=== Begin Enclosure ===

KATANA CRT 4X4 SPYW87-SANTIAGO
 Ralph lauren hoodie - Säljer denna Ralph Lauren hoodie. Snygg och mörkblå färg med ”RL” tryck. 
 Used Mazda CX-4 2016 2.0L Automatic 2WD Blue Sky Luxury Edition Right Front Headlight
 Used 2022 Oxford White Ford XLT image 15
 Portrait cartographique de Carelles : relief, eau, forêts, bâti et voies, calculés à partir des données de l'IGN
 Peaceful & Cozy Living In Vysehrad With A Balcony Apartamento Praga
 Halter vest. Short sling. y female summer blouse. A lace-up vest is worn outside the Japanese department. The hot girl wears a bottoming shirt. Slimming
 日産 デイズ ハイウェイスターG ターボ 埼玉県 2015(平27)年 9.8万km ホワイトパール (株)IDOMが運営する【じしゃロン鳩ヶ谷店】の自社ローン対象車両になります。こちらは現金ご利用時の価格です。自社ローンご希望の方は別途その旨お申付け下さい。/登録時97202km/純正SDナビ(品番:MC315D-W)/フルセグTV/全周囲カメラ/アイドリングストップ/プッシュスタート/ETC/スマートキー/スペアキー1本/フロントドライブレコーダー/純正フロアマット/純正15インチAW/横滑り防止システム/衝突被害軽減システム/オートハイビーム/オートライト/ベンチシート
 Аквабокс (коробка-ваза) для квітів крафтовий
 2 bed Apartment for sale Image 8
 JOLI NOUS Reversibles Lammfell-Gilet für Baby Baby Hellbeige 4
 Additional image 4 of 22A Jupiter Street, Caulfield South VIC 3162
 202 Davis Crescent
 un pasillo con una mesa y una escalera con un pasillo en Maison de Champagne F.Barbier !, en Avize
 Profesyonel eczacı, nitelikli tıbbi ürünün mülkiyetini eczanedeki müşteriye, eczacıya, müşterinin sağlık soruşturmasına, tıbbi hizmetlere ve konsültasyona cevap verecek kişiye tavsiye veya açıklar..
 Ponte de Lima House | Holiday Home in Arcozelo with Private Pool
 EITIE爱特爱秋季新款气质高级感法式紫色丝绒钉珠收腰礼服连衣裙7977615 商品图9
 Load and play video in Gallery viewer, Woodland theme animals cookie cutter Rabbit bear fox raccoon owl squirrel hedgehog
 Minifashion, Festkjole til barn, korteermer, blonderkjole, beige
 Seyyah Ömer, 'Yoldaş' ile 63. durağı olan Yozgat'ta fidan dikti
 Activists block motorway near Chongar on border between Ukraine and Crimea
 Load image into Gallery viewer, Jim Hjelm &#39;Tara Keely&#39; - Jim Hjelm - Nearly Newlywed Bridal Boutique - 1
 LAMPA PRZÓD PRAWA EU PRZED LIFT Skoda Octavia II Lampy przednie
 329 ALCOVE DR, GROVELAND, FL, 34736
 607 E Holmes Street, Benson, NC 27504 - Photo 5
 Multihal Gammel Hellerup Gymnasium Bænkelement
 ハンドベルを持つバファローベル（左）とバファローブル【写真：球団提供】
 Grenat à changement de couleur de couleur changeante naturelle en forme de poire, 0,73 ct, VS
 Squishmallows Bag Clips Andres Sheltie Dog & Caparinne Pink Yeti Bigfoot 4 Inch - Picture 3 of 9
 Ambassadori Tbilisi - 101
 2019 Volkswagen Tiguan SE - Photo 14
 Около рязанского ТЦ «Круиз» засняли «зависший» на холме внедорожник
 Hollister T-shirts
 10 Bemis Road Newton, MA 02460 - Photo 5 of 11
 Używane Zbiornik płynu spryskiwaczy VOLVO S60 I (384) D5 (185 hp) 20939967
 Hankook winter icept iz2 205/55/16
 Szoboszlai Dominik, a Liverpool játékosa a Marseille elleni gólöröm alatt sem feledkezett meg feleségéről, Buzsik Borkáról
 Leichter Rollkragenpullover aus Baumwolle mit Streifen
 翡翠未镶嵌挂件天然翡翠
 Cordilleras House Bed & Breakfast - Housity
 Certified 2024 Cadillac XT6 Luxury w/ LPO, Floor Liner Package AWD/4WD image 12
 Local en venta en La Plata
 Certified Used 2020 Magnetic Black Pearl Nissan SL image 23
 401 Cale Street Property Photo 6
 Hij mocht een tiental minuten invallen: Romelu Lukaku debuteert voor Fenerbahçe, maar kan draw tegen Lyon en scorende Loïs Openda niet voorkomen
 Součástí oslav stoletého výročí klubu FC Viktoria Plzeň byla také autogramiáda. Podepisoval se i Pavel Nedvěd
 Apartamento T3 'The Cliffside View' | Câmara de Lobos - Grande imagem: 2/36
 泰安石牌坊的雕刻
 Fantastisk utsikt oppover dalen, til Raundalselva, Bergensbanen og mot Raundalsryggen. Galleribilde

=== End Enclosure ===

* **Task**:
Repeat only the lines above, from the first line of the entries through the line that contains "Аквабокс (коробка-ваза) для квітів крафтовий", including both ends.

* **Answer box**:
KATANA CRT 4X4 SPYW87-SANTIAGO
 Ralph lauren hoodie - Säljer denna Ralph Lauren hoodie. Snygg och mörkblå färg med ”RL” tryck. 
 Used Mazda CX-4 2016 2.0L Automatic 2WD Blue Sky Luxury Edition Right Front Headlight
 Used 2022 Oxford White Ford XLT image 15
 Portrait cartographique de Carelles : relief, eau, forêts, bâti et voies, calculés à partir des données de l'IGN
 Peaceful & Cozy Living In Vysehrad With A Balcony Apartamento Praga
 Halter vest. Short sling. y female summer blouse. A lace-up vest is worn outside the Japanese department. The hot girl wears a bottoming shirt. Slimming
 日産 デイズ ハイウェイスターG ターボ 埼玉県 2015(平27)年 9.8万km ホワイトパール (株)IDOMが運営する【じしゃロン鳩ヶ谷店】の自社ローン対象車両になります。こちらは現金ご利用時の価格です。自社ローンご希望の方は別途その旨お申付け下さい。/登録時97202km/純正SDナビ(品番:MC315D-W)/フルセグTV/全周囲カメラ/アイドリングストップ/プッシュスタート/ETC/スマートキー/スペアキー1本/フロントドライブレコーダー/純正フロアマット/純正15インチAW/横滑り防止システム/衝突被害軽減システム/オートハイビーム/オートライト/ベンチシート
 Аквабокс (коробка-ваза) для квітів крафтовий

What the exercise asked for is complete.